_Exercise description:_ Leaving out the images, please reproduce each line below exactly.

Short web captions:
########
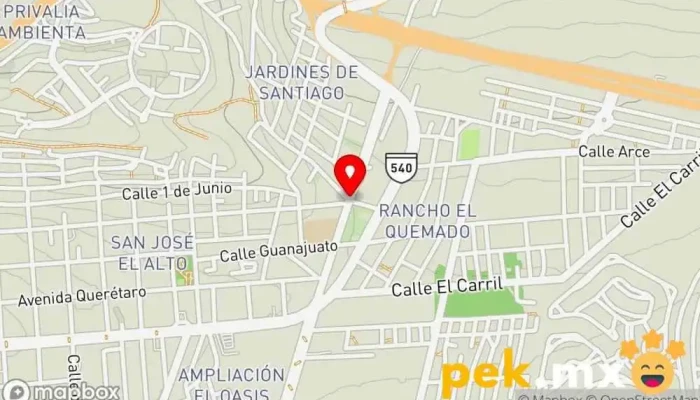 mapa de SERVICIOS PLOMERO ELÉCTRICO LIRA Electricista en San José el Alto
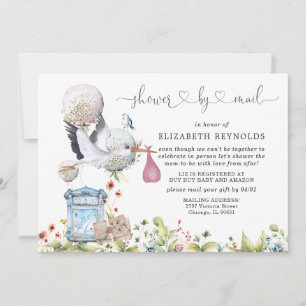Virtuele baby shower uitnodiging per post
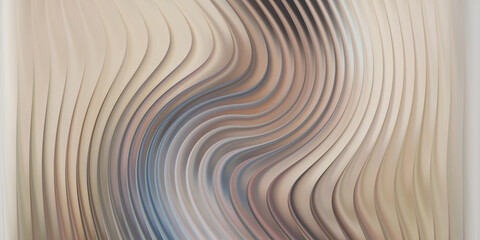 Abstract wavy texture with beige and blue tones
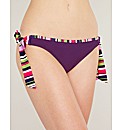 Purple Haze Tie Side Bikini Brief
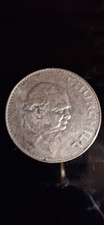 1965 Winston Churchill Commemorative Crown Coin, Uncertified Ungraded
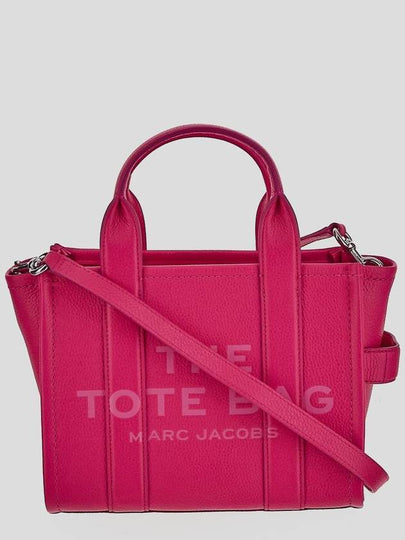 Small Leather Tote Bag Fuchsia - MARC JACOBS - BALAAN 2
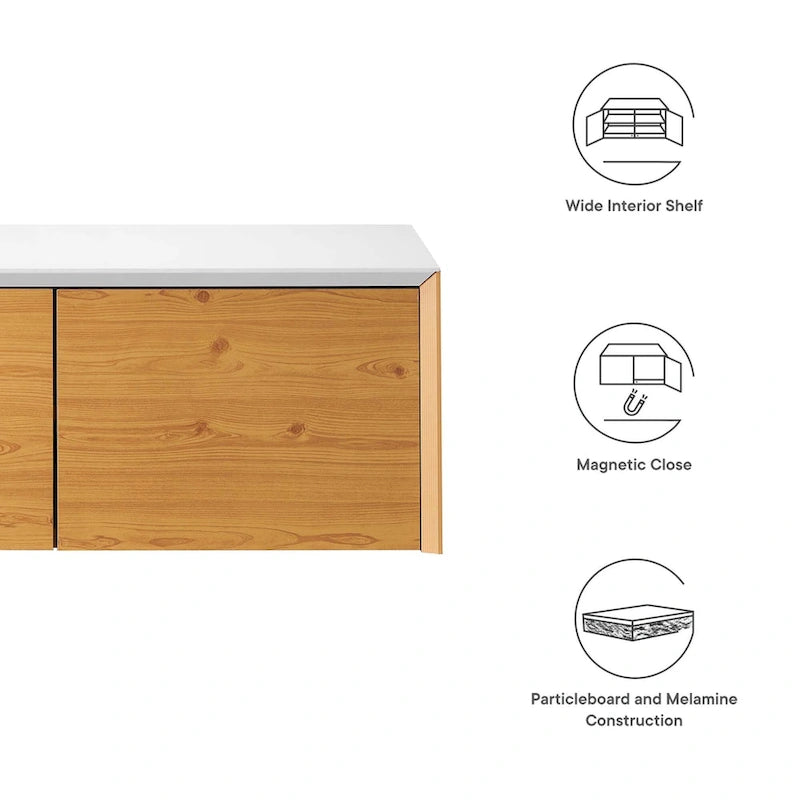 Wall-Mount Office Storage Cabinet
########
_Answer:_
 mapa de SERVICIOS PLOMERO ELÉCTRICO LIRA Electricista en San José el Alto
Virtuele baby shower uitnodiging per post
 Abstract wavy texture with beige and blue tones
 Purple Haze Tie Side Bikini Brief
 1965 Winston Churchill Commemorative Crown Coin, Uncertified Ungraded
 Small Leather Tote Bag Fuchsia - MARC JACOBS - BALAAN 2
 Wall-Mount Office Storage Cabinet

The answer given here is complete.